# US Tax exemption



## Powka (Dec 17, 2012)

Hello everyone,

This is the time of yeah, and I probably need to start thinking about filling in the tax forms.

I'm a green card holder and I've been working outside of US for the past year. I qualify for Bone Fide/tax exemption, and I was wondering -- *what forms do I need to fill out and send to IRS*? I know there were two of those forms, but I can't remember and whatever I find I'm not sure about.

Thank you for any help.


----------



## Powka (Dec 17, 2012)

Correct me if I'm wrong. For US tax exemption, do I only need to fill out IRS form 2555EZ, if I satisfy bonafide and physical presence test + all conditions for 2555EZ form?
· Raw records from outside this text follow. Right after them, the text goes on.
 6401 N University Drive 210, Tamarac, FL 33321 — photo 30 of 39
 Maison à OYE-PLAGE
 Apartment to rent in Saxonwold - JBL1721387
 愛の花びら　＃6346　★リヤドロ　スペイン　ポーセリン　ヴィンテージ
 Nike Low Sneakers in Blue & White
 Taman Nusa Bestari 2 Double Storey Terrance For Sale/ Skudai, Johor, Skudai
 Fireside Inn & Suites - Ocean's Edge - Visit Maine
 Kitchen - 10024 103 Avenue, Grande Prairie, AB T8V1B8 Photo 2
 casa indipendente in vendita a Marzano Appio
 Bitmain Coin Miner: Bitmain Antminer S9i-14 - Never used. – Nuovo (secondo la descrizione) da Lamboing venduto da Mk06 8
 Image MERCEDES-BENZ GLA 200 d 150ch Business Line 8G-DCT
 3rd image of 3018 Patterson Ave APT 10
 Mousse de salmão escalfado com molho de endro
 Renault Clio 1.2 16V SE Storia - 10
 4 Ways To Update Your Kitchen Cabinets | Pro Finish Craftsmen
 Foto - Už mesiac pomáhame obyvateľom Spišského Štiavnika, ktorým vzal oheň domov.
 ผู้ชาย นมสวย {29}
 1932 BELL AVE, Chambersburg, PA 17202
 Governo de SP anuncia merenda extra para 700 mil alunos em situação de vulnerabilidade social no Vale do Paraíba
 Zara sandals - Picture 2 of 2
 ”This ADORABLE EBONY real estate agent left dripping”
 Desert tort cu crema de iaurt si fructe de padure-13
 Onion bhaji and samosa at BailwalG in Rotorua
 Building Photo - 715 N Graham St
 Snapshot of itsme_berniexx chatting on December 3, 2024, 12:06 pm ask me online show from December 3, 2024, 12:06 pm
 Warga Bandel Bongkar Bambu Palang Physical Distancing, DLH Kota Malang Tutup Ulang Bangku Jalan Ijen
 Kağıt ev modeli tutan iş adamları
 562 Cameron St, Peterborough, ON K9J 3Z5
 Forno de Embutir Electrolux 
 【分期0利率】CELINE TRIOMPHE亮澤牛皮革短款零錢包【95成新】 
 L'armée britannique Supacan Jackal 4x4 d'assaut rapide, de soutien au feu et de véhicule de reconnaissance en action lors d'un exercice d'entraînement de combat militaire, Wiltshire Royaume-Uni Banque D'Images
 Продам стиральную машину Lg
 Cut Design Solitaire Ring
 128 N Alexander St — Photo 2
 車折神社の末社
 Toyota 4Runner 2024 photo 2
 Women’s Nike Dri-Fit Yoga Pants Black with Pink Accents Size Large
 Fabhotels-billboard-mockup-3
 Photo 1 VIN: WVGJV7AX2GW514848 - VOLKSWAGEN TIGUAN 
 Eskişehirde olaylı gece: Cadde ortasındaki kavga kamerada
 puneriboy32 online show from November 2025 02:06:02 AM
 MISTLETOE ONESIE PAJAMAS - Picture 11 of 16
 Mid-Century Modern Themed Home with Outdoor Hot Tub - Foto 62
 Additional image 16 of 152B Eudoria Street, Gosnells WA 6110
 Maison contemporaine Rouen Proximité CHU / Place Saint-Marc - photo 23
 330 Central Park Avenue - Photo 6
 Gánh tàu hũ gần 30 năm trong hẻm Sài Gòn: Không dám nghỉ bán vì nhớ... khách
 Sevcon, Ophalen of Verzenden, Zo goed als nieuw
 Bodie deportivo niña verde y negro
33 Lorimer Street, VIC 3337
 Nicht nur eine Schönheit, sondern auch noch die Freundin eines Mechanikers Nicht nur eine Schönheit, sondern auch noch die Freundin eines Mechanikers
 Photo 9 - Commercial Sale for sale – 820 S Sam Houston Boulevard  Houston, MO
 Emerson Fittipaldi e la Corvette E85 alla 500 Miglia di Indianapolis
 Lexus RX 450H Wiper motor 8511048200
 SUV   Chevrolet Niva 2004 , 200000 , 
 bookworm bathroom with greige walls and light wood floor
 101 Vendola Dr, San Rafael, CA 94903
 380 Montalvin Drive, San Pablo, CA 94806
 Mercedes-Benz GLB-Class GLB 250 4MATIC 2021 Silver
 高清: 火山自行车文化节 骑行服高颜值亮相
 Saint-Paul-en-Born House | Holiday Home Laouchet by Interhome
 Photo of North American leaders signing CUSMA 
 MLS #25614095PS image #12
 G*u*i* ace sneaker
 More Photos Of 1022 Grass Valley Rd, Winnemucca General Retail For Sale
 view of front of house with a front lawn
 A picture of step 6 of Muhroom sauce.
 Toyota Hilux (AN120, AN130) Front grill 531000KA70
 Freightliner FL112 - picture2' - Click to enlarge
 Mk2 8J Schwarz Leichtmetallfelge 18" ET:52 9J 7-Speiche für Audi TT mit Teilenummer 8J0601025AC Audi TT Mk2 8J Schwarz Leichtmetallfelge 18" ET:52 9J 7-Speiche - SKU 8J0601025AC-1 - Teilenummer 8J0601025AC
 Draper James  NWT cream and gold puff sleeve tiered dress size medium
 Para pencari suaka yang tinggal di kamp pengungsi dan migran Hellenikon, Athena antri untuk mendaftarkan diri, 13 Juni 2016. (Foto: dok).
This way I wouldn't need to fill in the 2555. And is 2555EZ the only form that I need to send to IRS for tax exemption?

I can confirm that I satisfy all of these conditions: _The IRS allows expatriates to use Form 2555EZ to claim the foreign exclusion only if the income you earn abroad is from employment, you don’t have any additional self-employment income, you are a citizen or legal resident of the U.S., your total earnings abroad don’t exceed the maximum foreign income exclusion that applies to the tax year, you don’t report any housing or moving expense deductions and you cannot, or choose not to claim the foreign housing deduction or exclusion.
_
Any help? Thanks!


----------



## Bevdeforges (Nov 16, 2007)

You claim the foreign earned income exclusion on form 2555, but you can't file a 2555 (or 2555EZ) without filing a regular 1040, too. If you have $10,000 in foreign bank accounts, you should probably file a Schedule B, too - if only to check the box at the bottom of the page saying that you have over $10,000 in foreign bank accounts. (You'll then need to file the so-called FBAR forms, which go to a separate address in Detroit.)

All of this is explained in IRS publication 54, which you can download from the IRS website.
Cheers,
Bev


----------